Brumm asked for a recount, she said previously, as preliminary tallies released in the early hours of Aug. 7 indicated she was the candidate with the fourth-most votes and qualified for the general election. However, unofficial results posted later that morning, as well as results officially verified by the Marquette County Board of Canvassers the afternoon of Aug. 7, indicated Brumm missed qualifying for the general election by 21 votes.
“I’m requesting a recount because of A) the change between the first and second set of results; B) the fact that only 21 votes separate me from the fourth place candidate; and C) to verify the integrity of the vote counting process after several people asked me, ‘What happened?'” Brumm said in an Aug. 7 email.

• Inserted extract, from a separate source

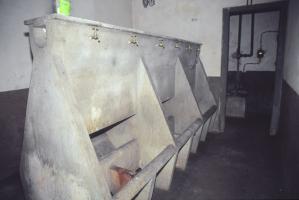 Ligne Maginot - BUCHHOLZBERG (I / 79° RIF) - (Abri) - Lavabos de la troupe
Visite fin 90 avec la BA901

Brumm paid an amount of $25 for each of the city’s seven voting precincts, as well as its two absentee ballot precincts — as the number of votes separating her from van den Ende was less than 50 votes, Marquette County Clerk Linda Talsma said previously.
The recount was held with the oversight of the Marquette County Board of Canvassers and performed by a recount team of six individuals, three who were Democrats and three who were Republicans. Ballots from the city’s seven precincts, as well as two absentee ballot precincts, were recounted.
The team began by ensuring that the seal on the ballot boxes matched the seal of record, and physically hand counting the ballots within the boxes to ensure correct number of ballots were present for each precinct. Then, the ballots were electronically recounted by the ballot tabulation program used in the election.
The recount was open to the public and the Marquette County Clerk’s Office was required to notify opposing candidates of the recount within 24 hours of receiving the petition, Talsma said previously.